Only the lines from the one containing "プードルのためのプードル及び妻の行方不明の報酬 Tシャツ (正面)" to the end of the data should be copied, exactly and without pictures.

Provided material

——

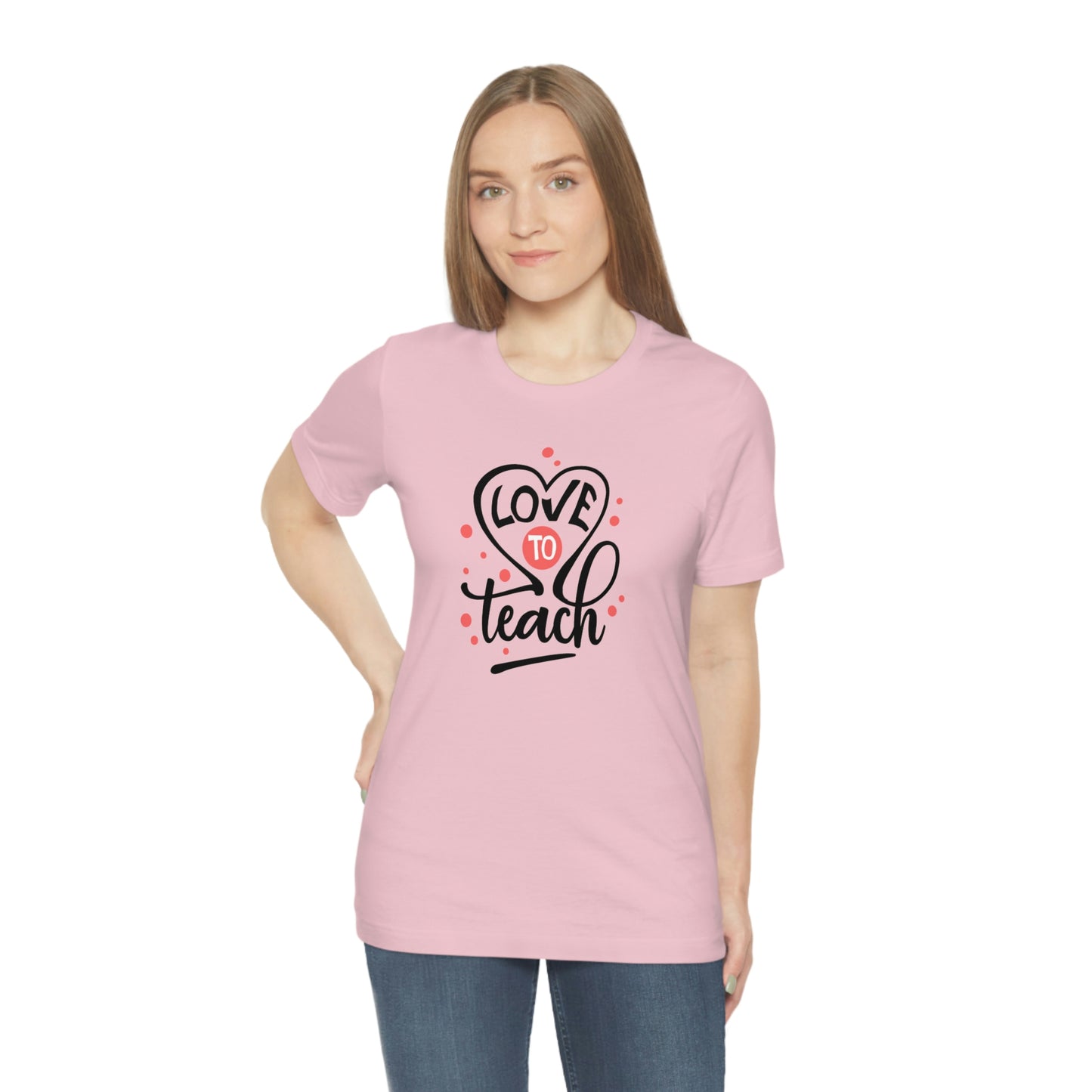 Love To Teach Unisex Jersey Short Sleeve Tee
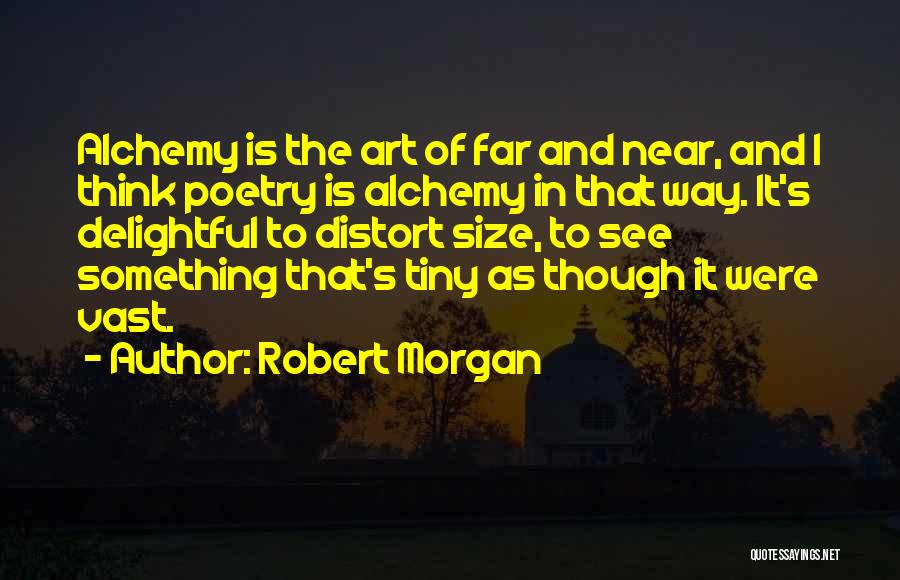 Robert Morgan Quotes: Alchemy Is The Art Of Far And Near, And I Think Poetry Is Alchemy In That Way. It's Delightful To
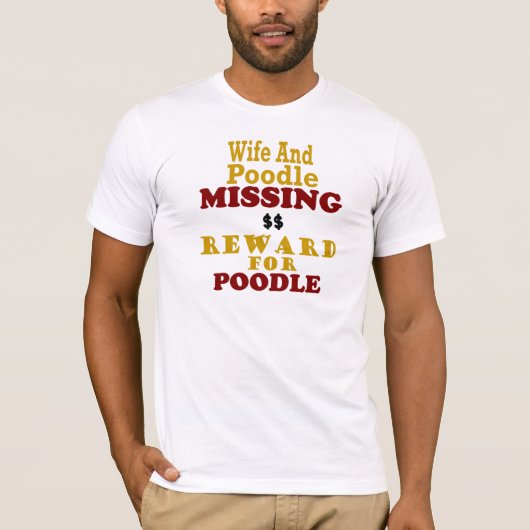 プードルのためのプードル及び妻の行方不明の報酬 Tシャツ (正面)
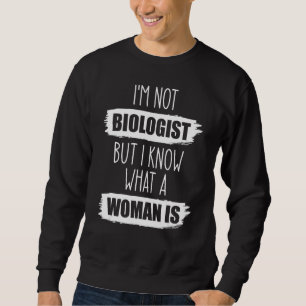Sweatshirt Je ne suis pas biologiste, mais je sais ce qu'une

——

Finished task
 プードルのためのプードル及び妻の行方不明の報酬 Tシャツ (正面)
Sweatshirt Je ne suis pas biologiste, mais je sais ce qu'une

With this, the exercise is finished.